***** SUPPLIED DATA *****
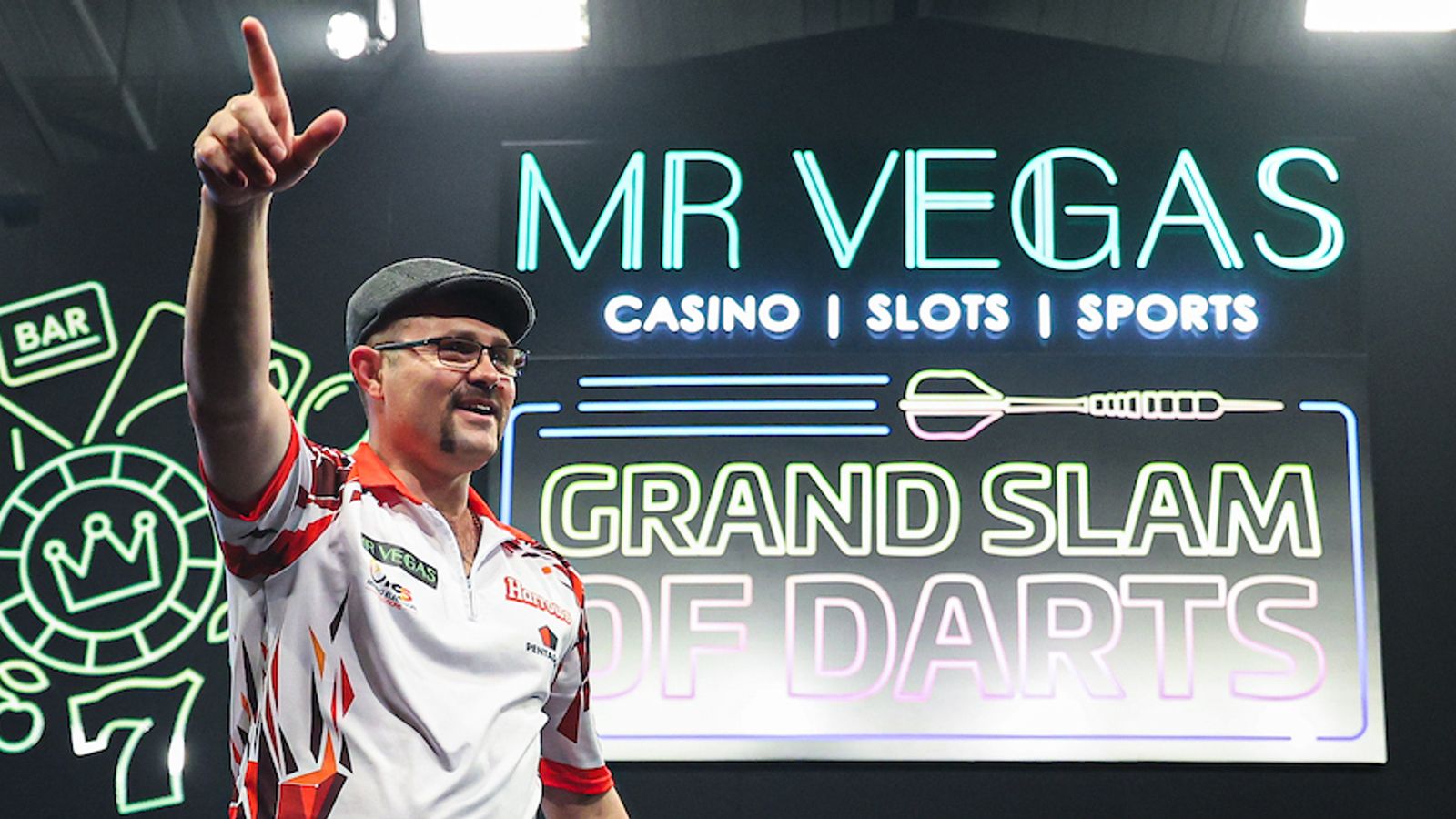 Grand Slam of Darts Damon Heta shocks Michael van Gerwen to ensure new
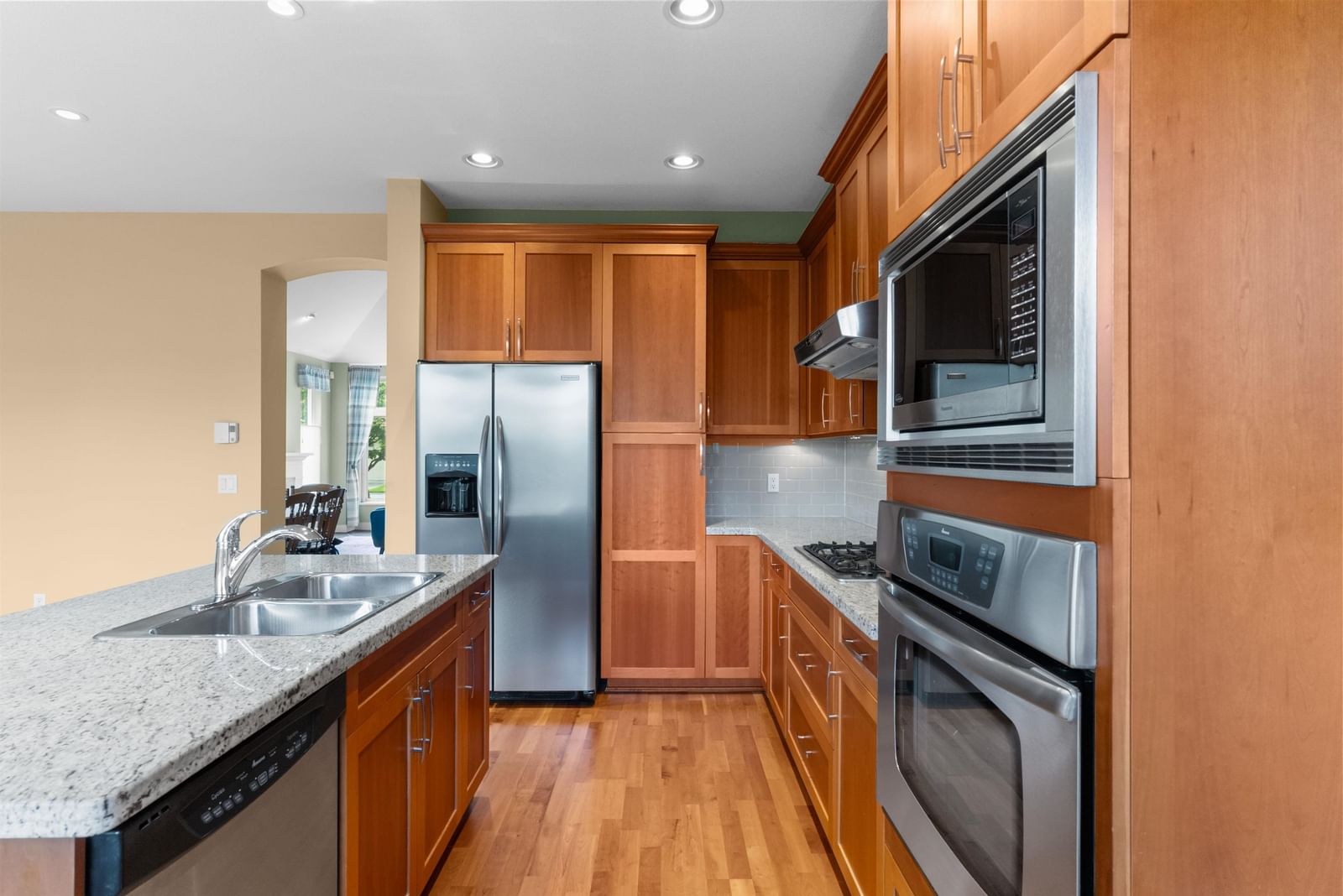Listing Image 15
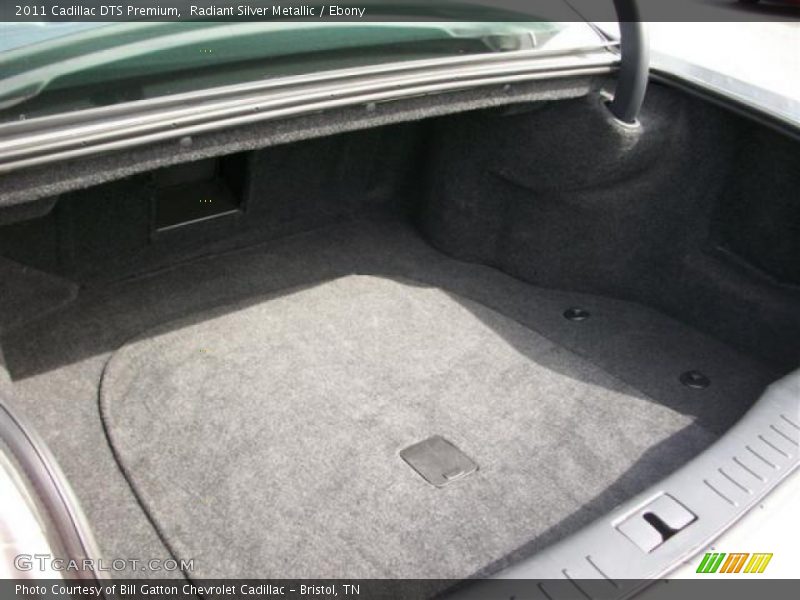 Radiant Silver Metallic / Ebony 2011 Cadillac DTS Premium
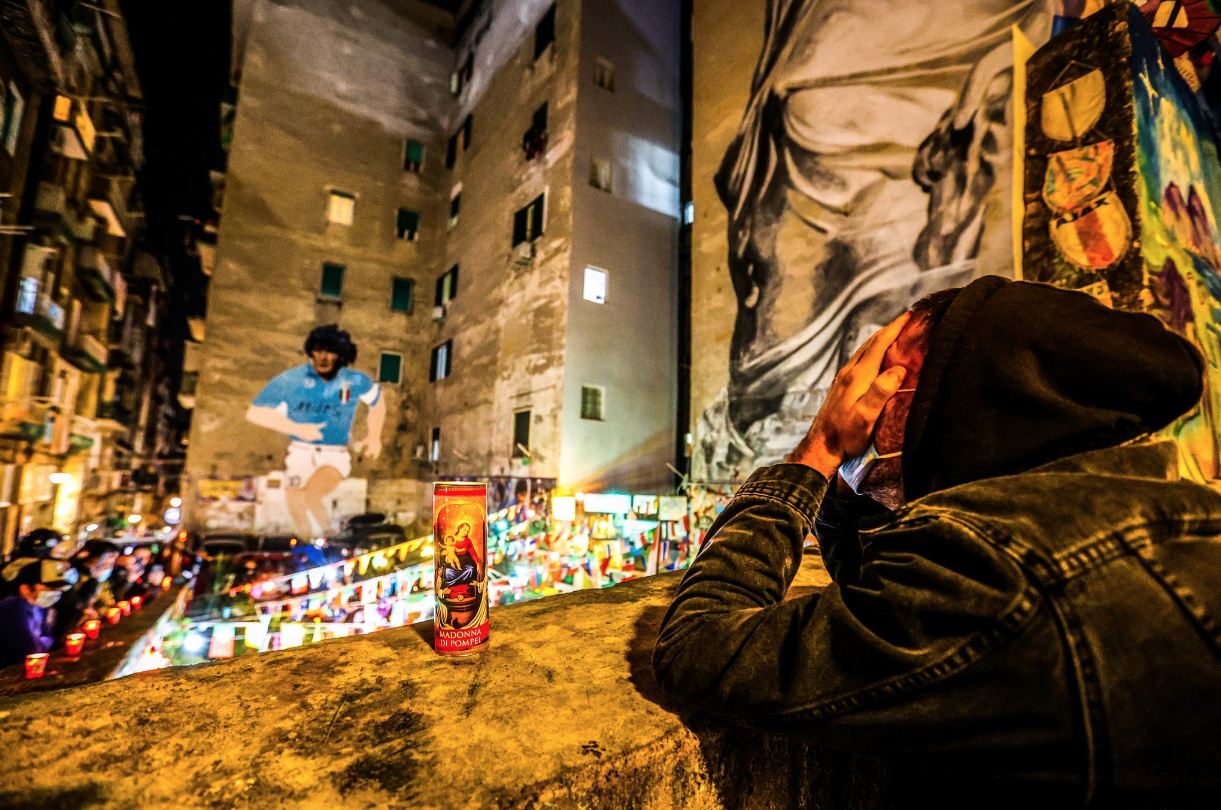 Torcedores realizaram homenagem ao ex-jogador durante toda a madrugada nas ruas da Argentina. Foto: Reprodução/Twitter/@B3LL3TZKA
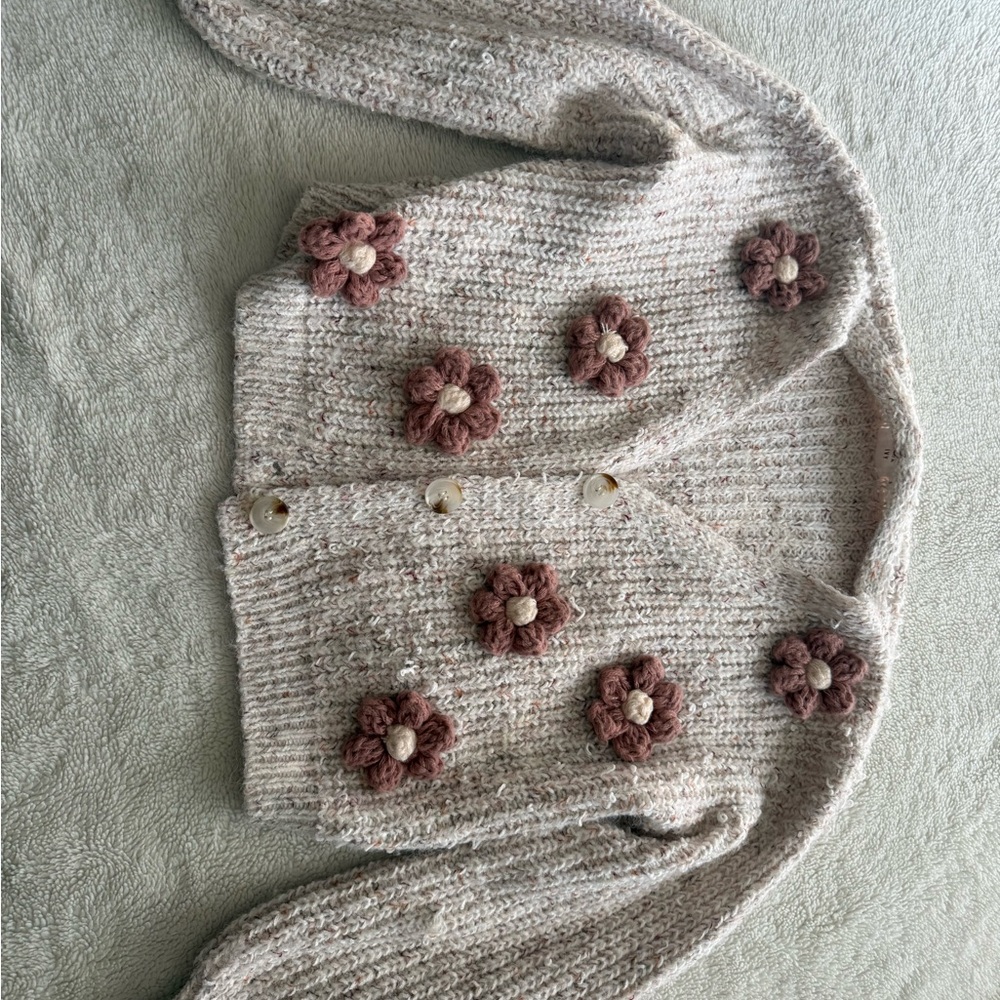 Handmade Cream Floral Appliqué Knit Sweater Cardigan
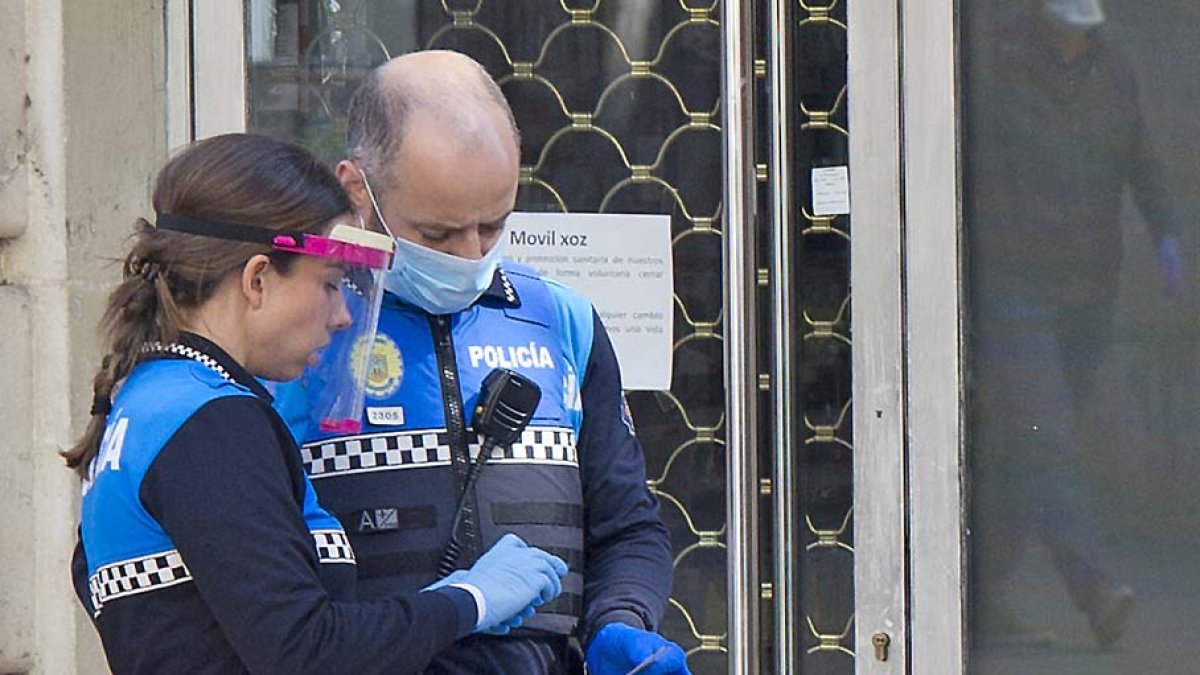 La Policía Local detiene a un hombre por violencia de género. RAÚL G. OCHOA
*****
WHAT IS NEEDED -
Skipping any pictures, copy the entries exactly as they appear.

EXERCISE RESPONSE -
 Grand Slam of Darts Damon Heta shocks Michael van Gerwen to ensure new
Listing Image 15
 Radiant Silver Metallic / Ebony 2011 Cadillac DTS Premium
 Torcedores realizaram homenagem ao ex-jogador durante toda a madrugada nas ruas da Argentina. Foto: Reprodução/Twitter/@B3LL3TZKA
 Handmade Cream Floral Appliqué Knit Sweater Cardigan
 La Policía Local detiene a un hombre por violencia de género. RAÚL G. OCHOA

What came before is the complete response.